Soft robotic device holds potential for early lung cancer detection, long out of reach

By Patrick L. Kennedy

Imagine standing outside a hedge maze and shoving a garden hose into it. Now, holding one end of the hose in your hands, you’re trying to maneuver the other end of the hose in order to hook an unseen ribbon that’s stuck on a little branch deep within the shrubbery. Oh, and even though you know roughly where the ribbon is, a strong gust of wind periodically blows through the bushes, moving all the branches out of place.

If you can see how the physics are against you here, then you understand the task facing pulmonologists as they seek a biopsy of a lung cancer nodule using a conventional bronchoscope, the basic design of which hasn’t changed much in a half-century, says Assistant Professor Sheila Russo (ME, MSE).

Sheila Russo (ME, MSE)

“Meanwhile, people continue to die,” Russo says. “This is what keeps me and my colleagues motivated to come into the lab in the morning and work on the difficult things that we work on. We’re engineering soft robotic solutions to this societal problem in health care.”

Lung cancer is the deadliest form of cancer worldwide, causing more than 120,000 deaths a year in the U.S. alone. One reason it’s such a killer is the difficulty in catching the disease at its earliest stage, when it is most curable, says Russo. The lungs are a complex pair of organs, with the trachea (or “windpipe”) branching out into a maze of smaller and smaller airways and ducts. Unfortunately, most cancerous lesions develop in those tiny ducts, way out in the periphery of the lung.

The location of a possible tumor nodule might be identified by a CT scan, but in order to extract an actual biopsy, a clinician needs to stick a bronchoscope down the patient’s throat, push it far into the lung’s periphery, and try to navigate the device and puncture the nodule from afar, as in the Sisyphean scenario with the hose conjured above. Meanwhile, the patient’s breathing motion makes the nodule a moving target. As a result, lung tissue might be punctured in the wrong place, and patients will go home unclear that they even have a tumor. (A CT scan alone is inconclusive.)

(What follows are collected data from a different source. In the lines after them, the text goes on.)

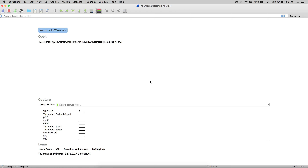Hello. In this demonstration, I will be using Wireshark to open an existing PCAP file that contains network traffic that happened over a network. We're going to use Wireshark to reconstruct files and conversations that happened over that network.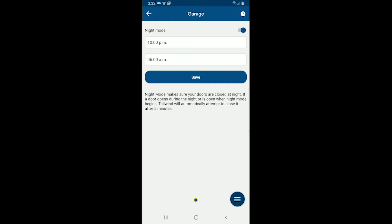That means that if my door becomes open at any time during the night, the door will automatically close again in five minutes.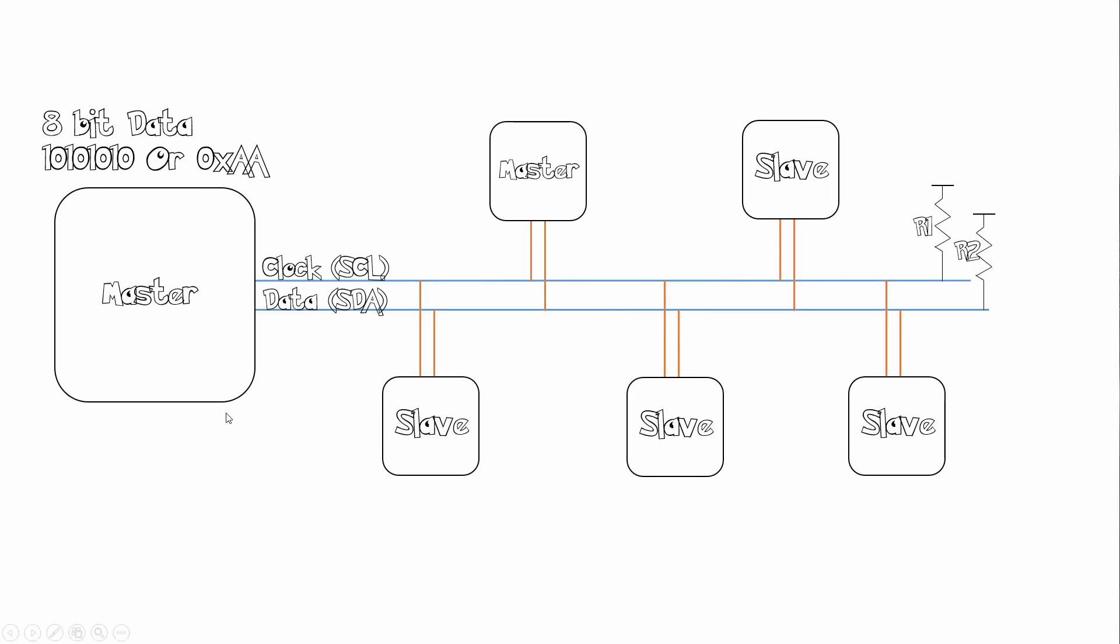Now what's good about I squared C is that you can have up to 128 devices on the same bus. So I can have multiple masters or I can have multiple slaves all in one bus. And all this happens while saving on pin space or pin allocations.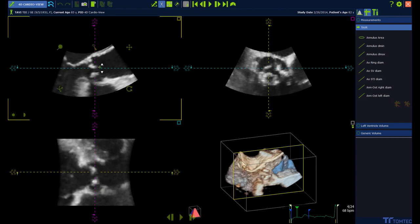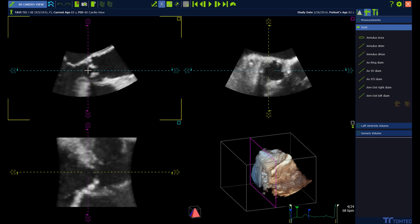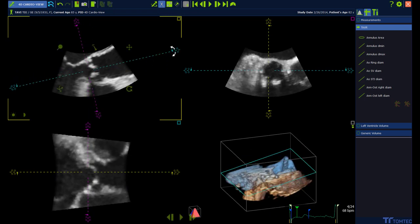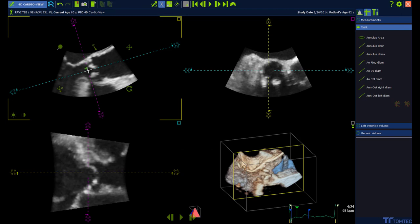In the next step the views have to be aligned to center the aortic view in all 3 MPR views. Move the lines of interest to the center of the aorta.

But Russo has a solution. With an interdisciplinary team combining expertise in mechanical engineering, materials science and engineering, biomedical engineering, and clinical medicine, she has developed a soft-robotic-assisted bronchoscope. With remote control, a pulmonologist can steer the business end of the scope and deploy the needle with accuracy from outside the patient.

The Russo team’s robotic-assisted bronchoscope as it might be deployed to take a biopsy from deep within the lung.

Whereas a traditional bronchoscope is 6 millimeters in diameter and has only 120 degrees of rotation, the Russo team’s robotic scope has a diameter of 2.4 millimeters, and it can rotate more than 180 degrees. Embedded with a camera as well as a needle, the device moves by means of three independent fluid pressure-driven actuators, and it is made of soft materials that allow the tip to curl back onto itself.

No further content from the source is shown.